Le famiglie arrivano dalle zone limitrofe, ma non solo. In passato diverse occupazioni del Mtst sono finite bene: sono nate o stanno nascendo zone abitative da ex occupazioni. La prima, ricordano, fu a Campinas 10 anni fa, quando nacque questo movimento, 5000 persone, fu enorme. Da allora il Movimento che non ha finanziamenti nè appoggi di partiti, sostiene le lotte di favelas che rischiano lo sgombero, organizza famiglie per occupare terreni, accompagna le occupazioni - cosa non facile, quando poi si tratta di costruire con criteri di equità, partecipazione, dignità, condivisione. Sono processi lenti, che richiedono una formazione sul campo. Perché anche quando alla fine c'è la casa bisogna continuare le lotte: per il lavoro, per la salute, per l'educazione. Internet è una risorsa formidabile: potete seguire e appoggiare questa straordinaria lotta sul sito www.mtst.info
Torno dopo qualche settimana: la situazione è molto cambiata. Già arrivando prima del «cancello» d'ingresso ci sono baracchini di venditori. E' così in Brasile, appena si forma un assembramento di gente, qualcuno comincia a vendere di tutto: dai gelati a piatti di riso e fagioli, succhi di frutta, birre.
Lo sguardo sul campo è impressionante: le baracche si sono moltiplicate, ora si parla di almeno 12.000 persone. Ci sono anche molte automobili che vanno e vengono, più o meno scassate, un via vai enorme. Mi chiedo come faccia il movimento organizzatore a gestire questa situazione, dà l'impressione che possa scappare di mano. Riesco a parlare con Fernao, un laureato in geografia urbana, faccio un lungo giro con lui. Mi spiega: hanno formato già 40 gruppi, ognuno composto da più di 50 baracche, la registrazione procede lentamente. Ogni gruppo ha un coordinatore scelto tra le famiglie del gruppo stesso, un responsabile per le infrastrutture (stanno cercando di montare una cucina da campo in ogni gruppo, per ora sono a 15), uno per l'igiene (la spazzatura aumenta e bisogna costruire latrine con fosse scavate in terra), uno per la disciplina (riuscire a risolvere le ovvie difficoltà di nuovo vicinato)... La certezza di non essere sgomberati non c'è, ma certo il numero dà forza. Ogni giorno si susseguono riunioni piccole e grandi per creare una cultura di partecipazione e condivisione che, mi spiega, manca totalmente in Brasile, governato da sempre con paternalismo o con dittature.

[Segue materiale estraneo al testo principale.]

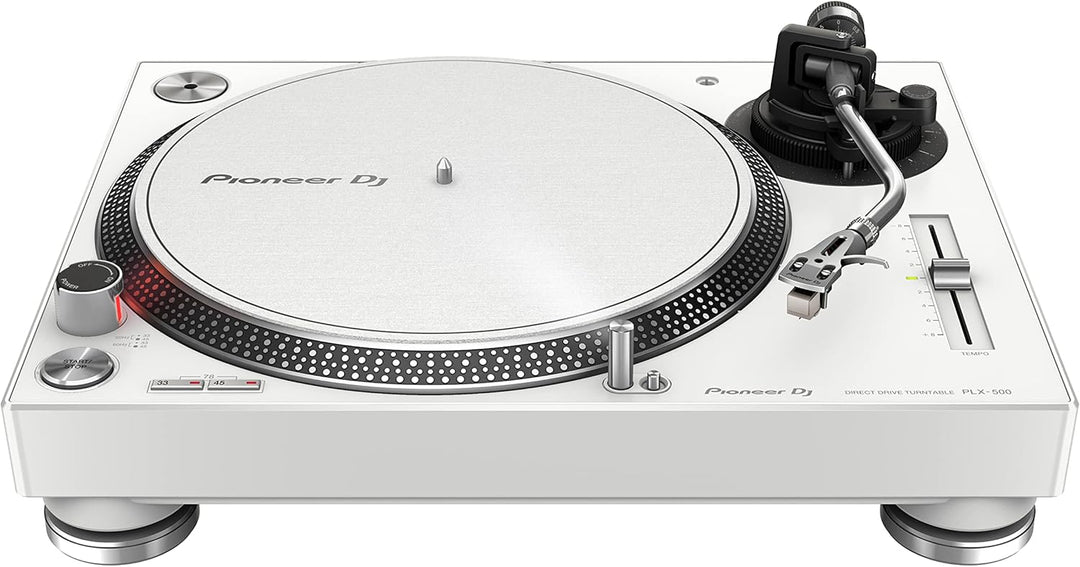 Pioneer DJ PLX-500-W DJ-Plattenspieler mit Direktantrieb, Weiss White Single, White Single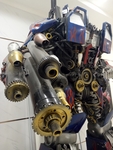 机器人机械齿轮造型展示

Ci vorrà pazienza, ma stavolta i tempi sembrano più rapidi, i militanti del Mtst sono cresciuti in numero ed esperienza - nei primi anni l'inesperienza li aveva portati a subire molti sgomberi. Nel frattempo un altro palazzo in centro è stato occupato: 450 famiglie. Le lotte avanzano parallelamente, ma i problemi sono gli stessi: «La casa è un diritto, come si fa a vivere con due salari minimi (700 reais, 255 euro) in questa città? Le liste delle case popolari non ci hanno mai fatto arrivare da nessuna parte, questa è l'unica via che ci rimane...».